NEONScience / NEON-utilities

Utilities and scripts for working with NEON data. Currently: an R package with functions to join (stack) the month-by-site files in downloaded NEON data, to convert data to geoCSV format, and to download data from the API.
GNU Affero General Public License v3.0
57 stars 36 forks source link

merge issue on stack eddy when using level = dp01 #112

Closed rfiorella closed 3 years ago

rfiorella commented 3 years ago

Function stackEddy

Describe the bug Returned data frames in output list have a problem with the time variables timeBgn and timeEnd, possibly because it is trying to merge across measurement systems (e.g., the isoH2o and isoCo2 systems). Where it occurs, timeEnd is NA, and the actual observation data is split between rows that have a complete set of (timeBgn, timeEnd) values, and those that are missing timeEnd.

To Reproduce neonUtilities::stackEddy(inpath, level = "dp01", avg = 9)

(For inpath, I had been using a local directory that contains the monthly data files for ONAQ.)

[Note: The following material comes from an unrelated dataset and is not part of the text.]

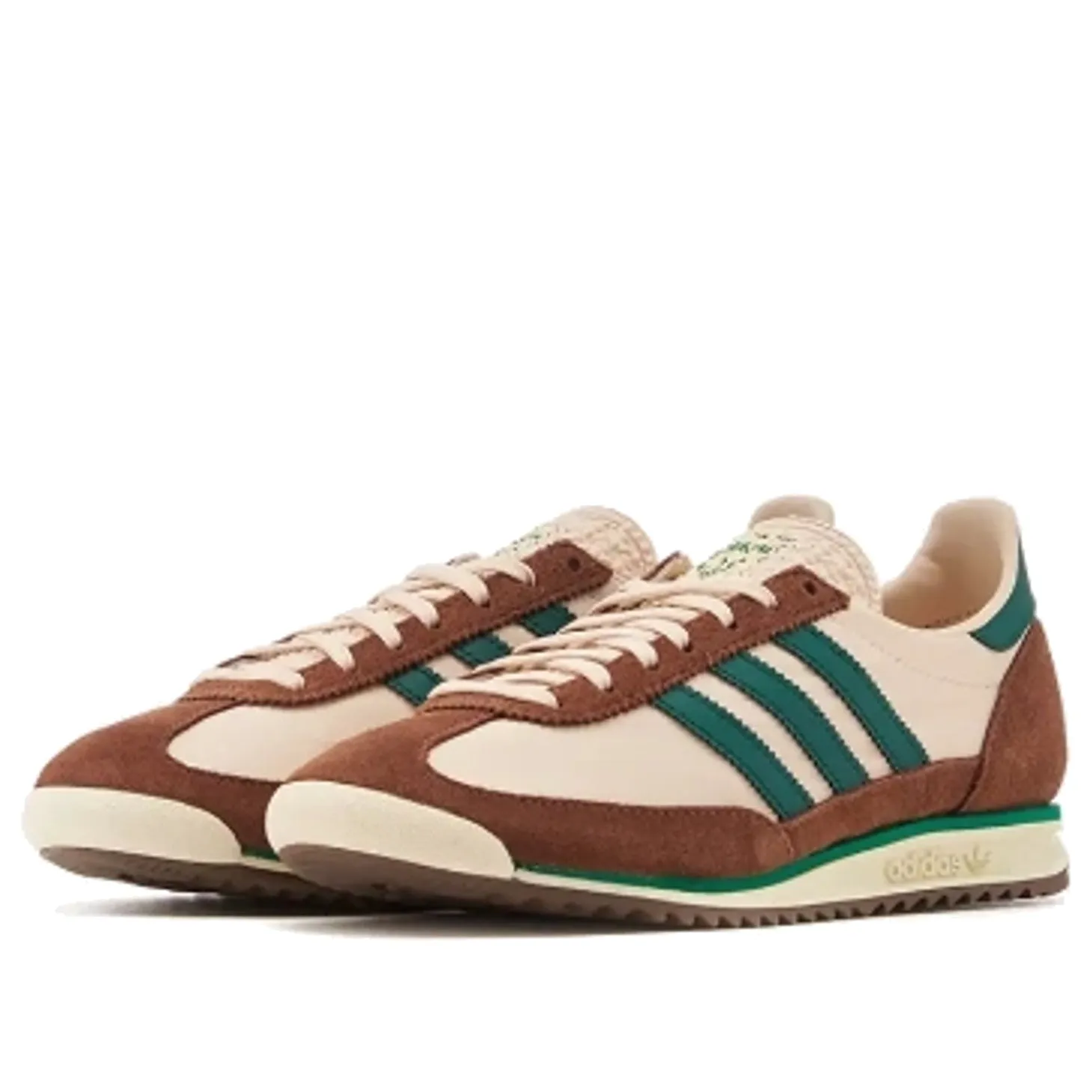 adidas SL72 OG 'Beige Brown Green' JH8648 sold by KicksCrew product image thumbnail 2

Expected behavior A output list, where the first element of the list contained a list of data frames. The dataframes in this list would have complete sets of (timeBgn, timeEnd) values.

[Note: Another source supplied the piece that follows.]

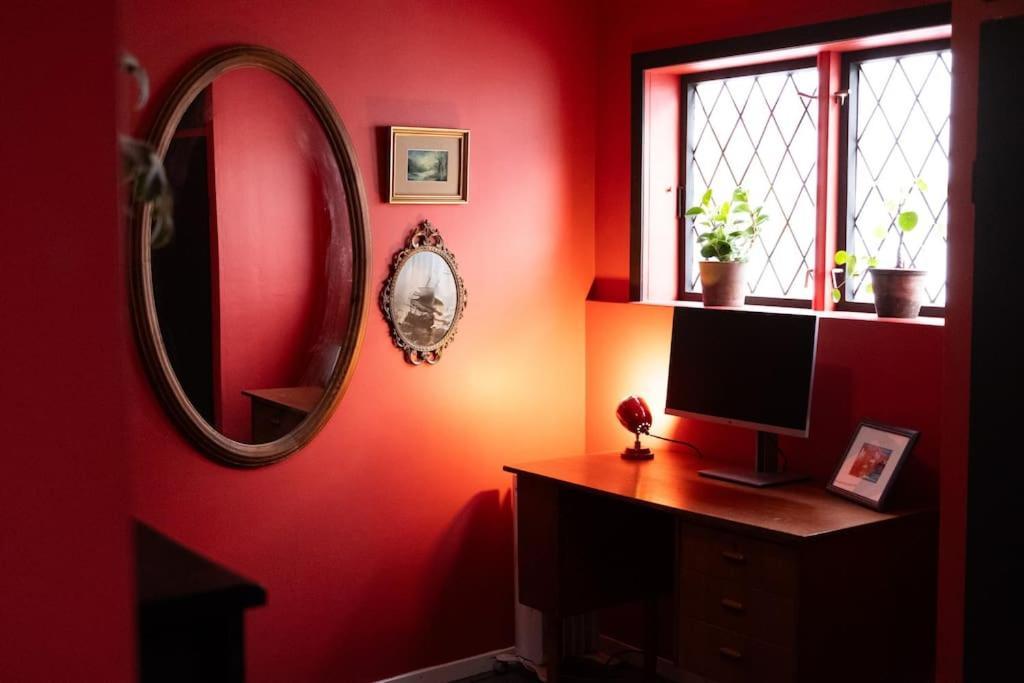 Charming Apartment In Central Stavanger Buitenkant foto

System (please complete the following information):

Additional context Discovered using neonUtilities_1.3.8, but upgrading to 2.0.0 doesn't solve the issue.

For our purposes I can create a workaround by also specifying var, but thought I'd report in any case assuming this is not the intended behavior.

cklunch commented 3 years ago

@rfiorella Thanks Rich! I'll take a look, but this isn't too surprising, getting the join to work correctly in the dp01 data has always been very finicky. I'm planning to send v2.0.1 to CRAN within the next couple of weeks, and I should be able to include this.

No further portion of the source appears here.